Application Layer: Batch Processing - i-on-project/integration GitHub Wiki

I-On Integration uses batch processing techniques to acquire and process all unstructured data. To make use of these techniques we have opted to use the Spring Batch framework. It enables the development of batch applications that run without user interaction.

Spring Batch is a part of the Spring Framework, so it provides the same features as the former (inversion of control, dependency injection, etc.) while providing functionalities that support the implementation of Extract, Transform and Load (ETL) processes as transaction management, job processing statistics, job restart and resource management.

It is scalable, it can be used for a simple use case such as of this project (reading a file, transform the data and load into a shared file repository), or more complex use cases (such as reading multiples chunks of data and transform high volumes of data). Additionally, provides an extended array of functionalities like asynchronous processing, parallelism, retries, and conditional.
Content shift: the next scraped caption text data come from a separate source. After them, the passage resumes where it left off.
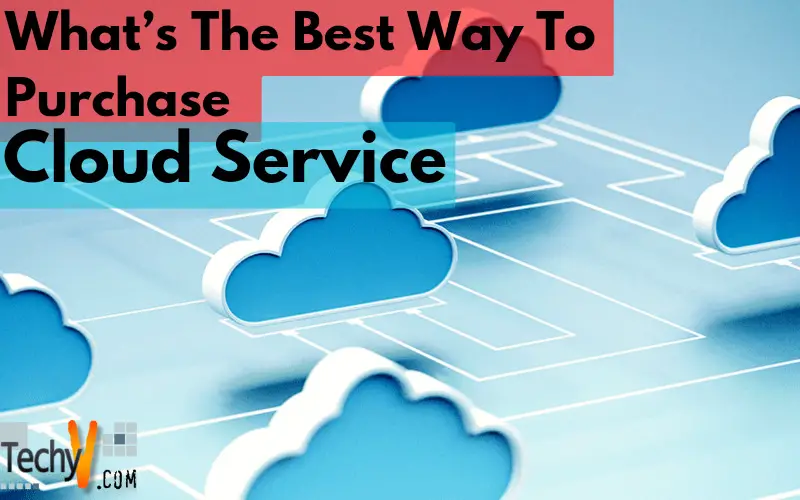 What's the best way to pruchase Cloud Services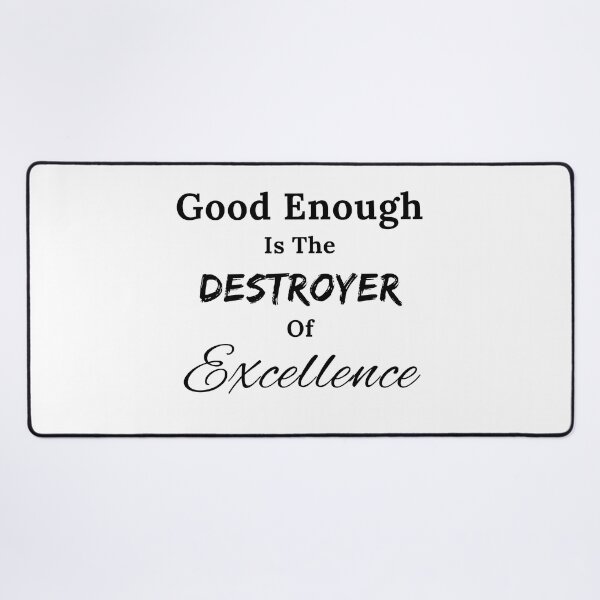 Item preview, Good Enough is the Destroyer of Excellence - Black Text designed and sold by TheKnightWriter.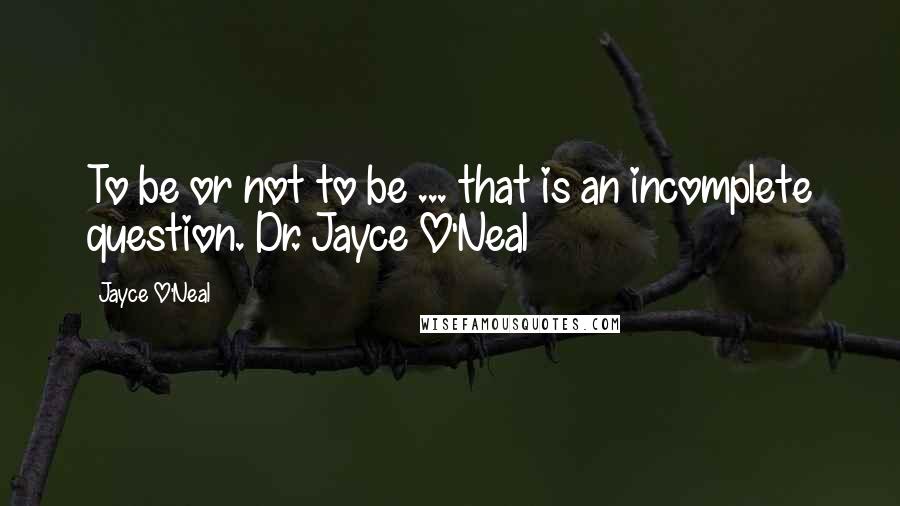 Jayce O'Neal Quotes: To be or not to be ... that is an incomplete question. Dr. Jayce O'Neal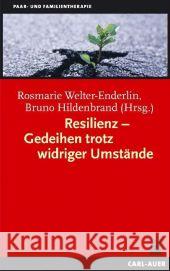 Resilienz, Gedeihen trotz widriger Umstände Welter-Enderlin, Rosmarie Hildenbrand, Bruno  9783896705112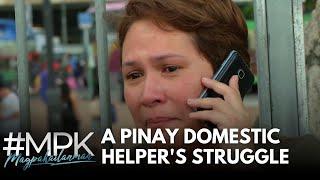 A PINAY DOMESTIC HELPER'S STRUGGLE | Magpakailanman Full Episode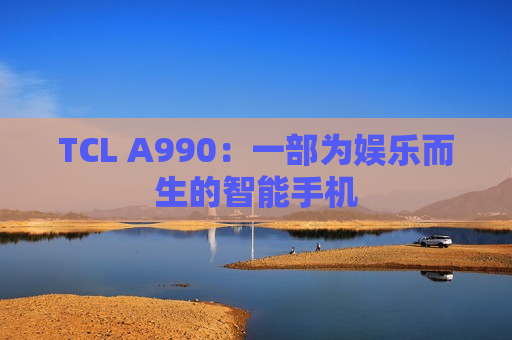 TCL A990：一部为娱乐而生的智能手机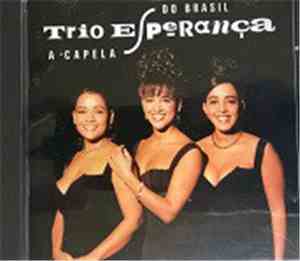 Trio Esperança - A Capela Do Brasil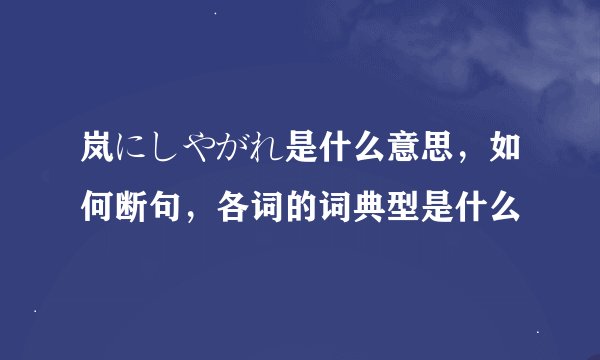 岚にしやがれ是什么意思，如何断句，各词的词典型是什么
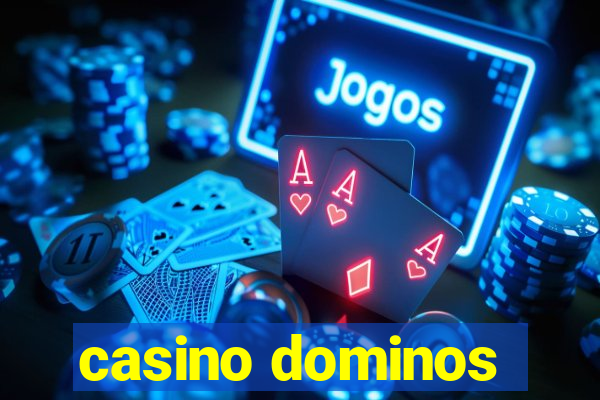 casino dominos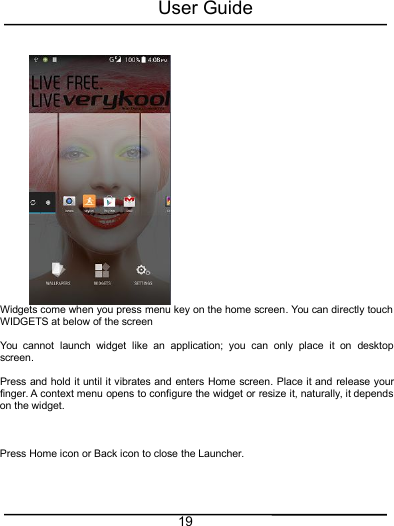 User Guide19Widgets come when you press menu key on the home screen. You can directly touchWIDGETS at below of the screenYou cannot launch widget like an application; you can only place it on desktopscreen.Press and hold it until it vibrates and enters Home screen. Place it and release yourfinger. A context menu opens to configure the widget or resize it, naturally, it dependson the widget.Press Home icon or Back icon to close the Launcher.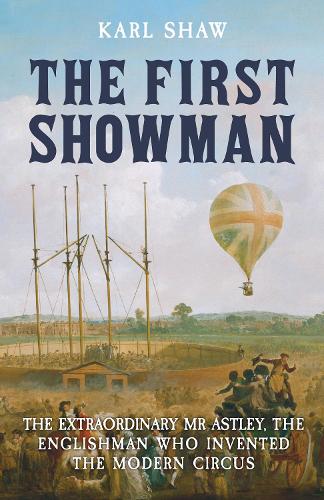 Бумажная книга «The First Showman: The Extraordinary Mr Astley, The Englishman Who Invented the Modern Circus», автор Карл Шоу - фото №1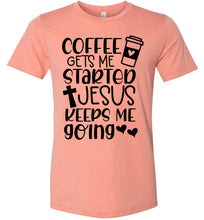 Load image into Gallery viewer, Coffee Gets Me Started Jesus Keeps Me Going Christian Quote Tee sunset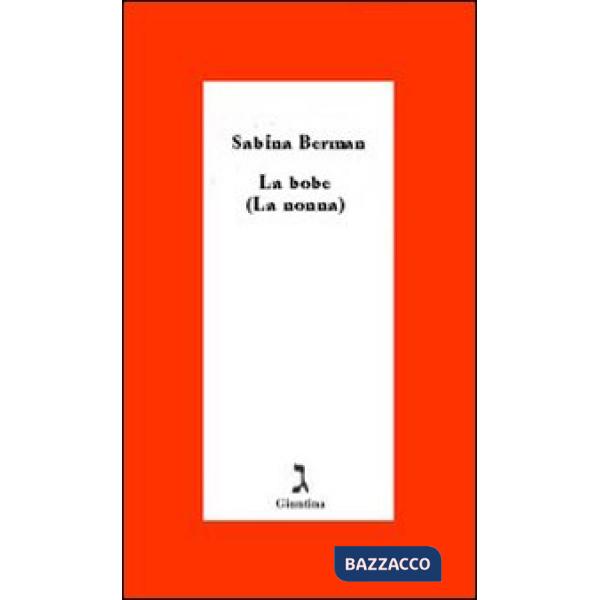 Bobe. (La nonna) (La)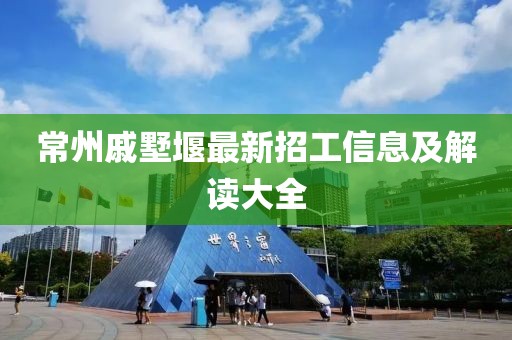 常州戚墅堰最新招工信息及解讀大全
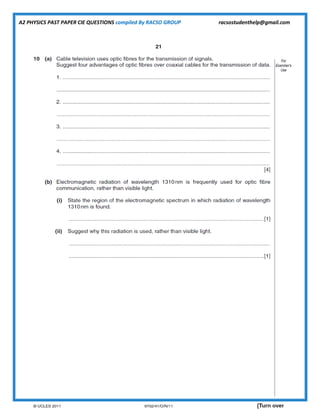 A2 PHYSICS PAST PAPER CIE QUESTIONS compiled By RACSO GROUP racsostudenthelp@gmail.com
In essence Spring Batch is a state machine, in which the states and transitions make the composition of a batch job. Steps are the most usual form of state and can be of two types:

Tasklet-based: runs the execute method within the scope of a transaction in a loop until execute tells the step to stop.
Chunk-based: is intended for item-based processing. Each chunk-based step has up to three main parts: an ItemReader, an ItemProcessor (optional) and an ItemWriter.
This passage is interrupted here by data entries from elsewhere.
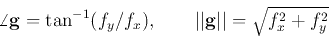 \begin{displaymath}
\angle {\bf g}=\tan^{-1} (f_y/f_x),\;\;\;\;\;\;\;\vert\vert{\bf g}\vert\vert=\sqrt{f_x^2+f_y^2}
\end{displaymath}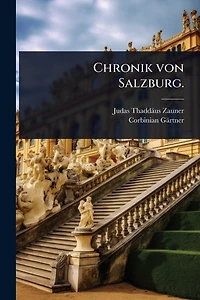 Chronik von Salzburg.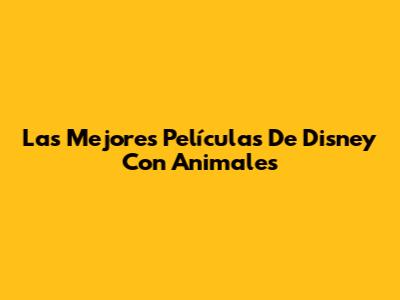 Las Mejores Películas De Disney Con Animales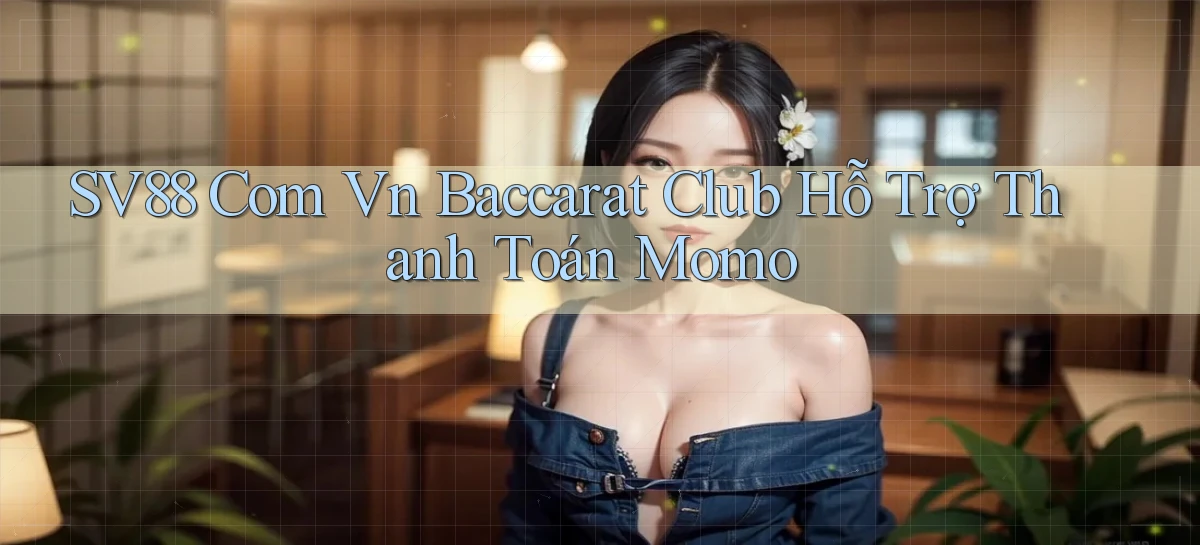 sv88 com vn baccarat club hỗ trợ thanh toán momo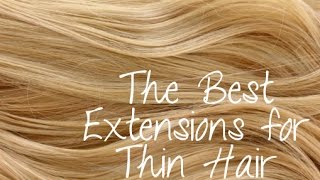 The Best Extensions For Thin Hair | Instant Beauty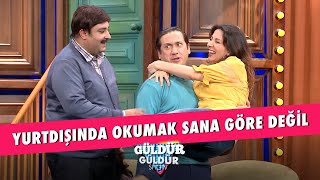 Yurtdışında Okumak Sana Göre Değil  Güldür Güldür Show [upl. by Orecic]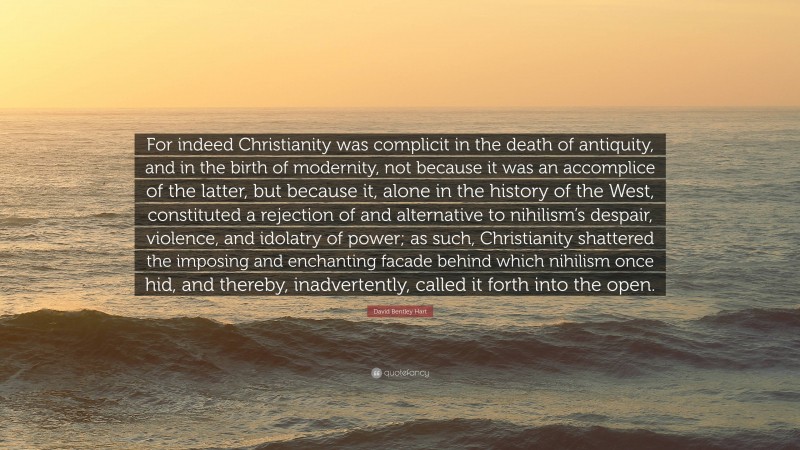 David Bentley Hart Quote: “For indeed Christianity was complicit in the death of antiquity, and in the birth of modernity, not because it was an accomplice of the latter, but because it, alone in the history of the West, constituted a rejection of and alternative to nihilism’s despair, violence, and idolatry of power; as such, Christianity shattered the imposing and enchanting facade behind which nihilism once hid, and thereby, inadvertently, called it forth into the open.”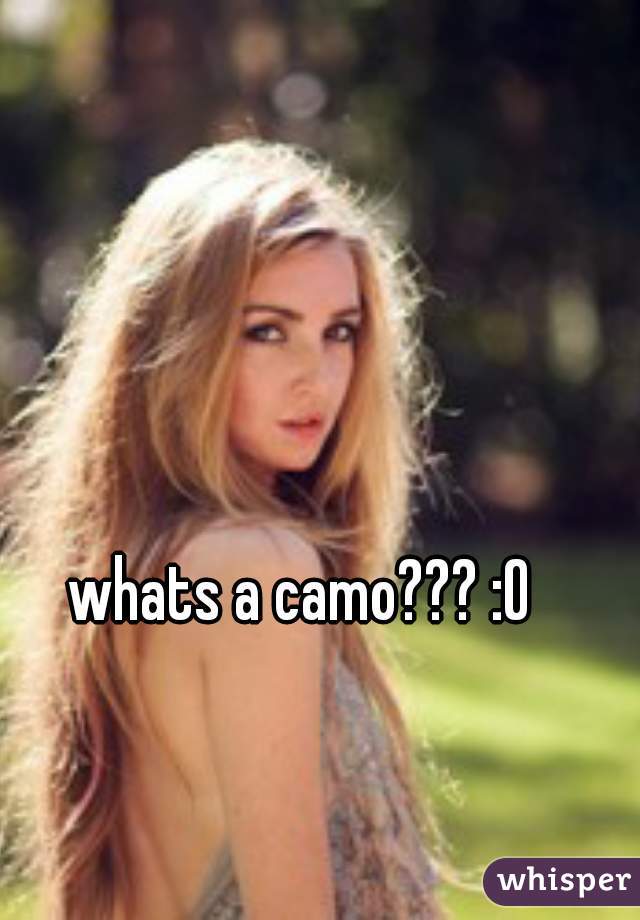 whats a camo??? :O 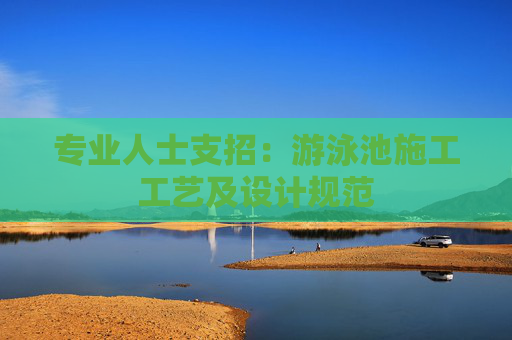 专业人士支招：游泳池施工工艺及设计规范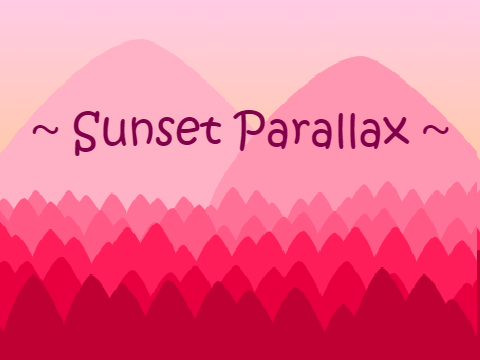 ~ Sunset Parallax ~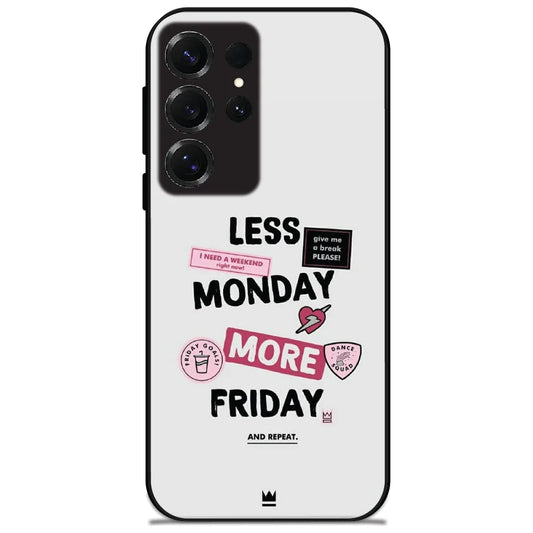 Less Monday More Friday - Glossy Metal Silicone Case for Samsung Galaxy S25 Ultra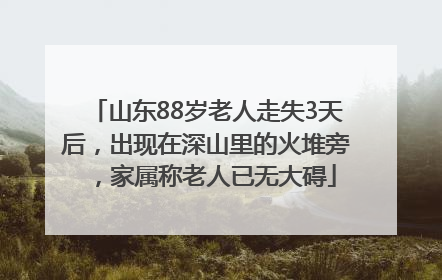 山东88岁老人走失3天后，出现在深山里的火堆旁，家属称老人已无大碍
The central piece of Spring Batch is the JobRepository, which maintains job state and metrics. It is shared by all components of the framework, and in this implementation is backed by a Postgres database.

Job execution is the responsibility of the JobLauncher. Configured to use a new thread for each invocation, JobLauncher uses ThreadPoolTaskExecutor to execute each job.

Due to the challenge of maintaining consistency with multiple parallel commits posed by the git implementation, and performance not being a crucial factor, the executor is limited to a single working thread.

Defining a Standard Structure of a Batch Job

Each institution provides different formats for the information we aim to process, and in the case of ISEL each department supplies different PDF files, each one with its own structure and specific content. Retrieving data from these files requires different implementations of the extraction process. We will describe each one in next sections.

Even accounting for these differences, a set of common steps have been defined for any processed PDF file, as shown.

The "Download PDF" tasklet retrieves the file from the specified URI and confirms if it is a valid PDF file. Also verifies if it has been processed already by comparing its metadata against records of previous successful job executions.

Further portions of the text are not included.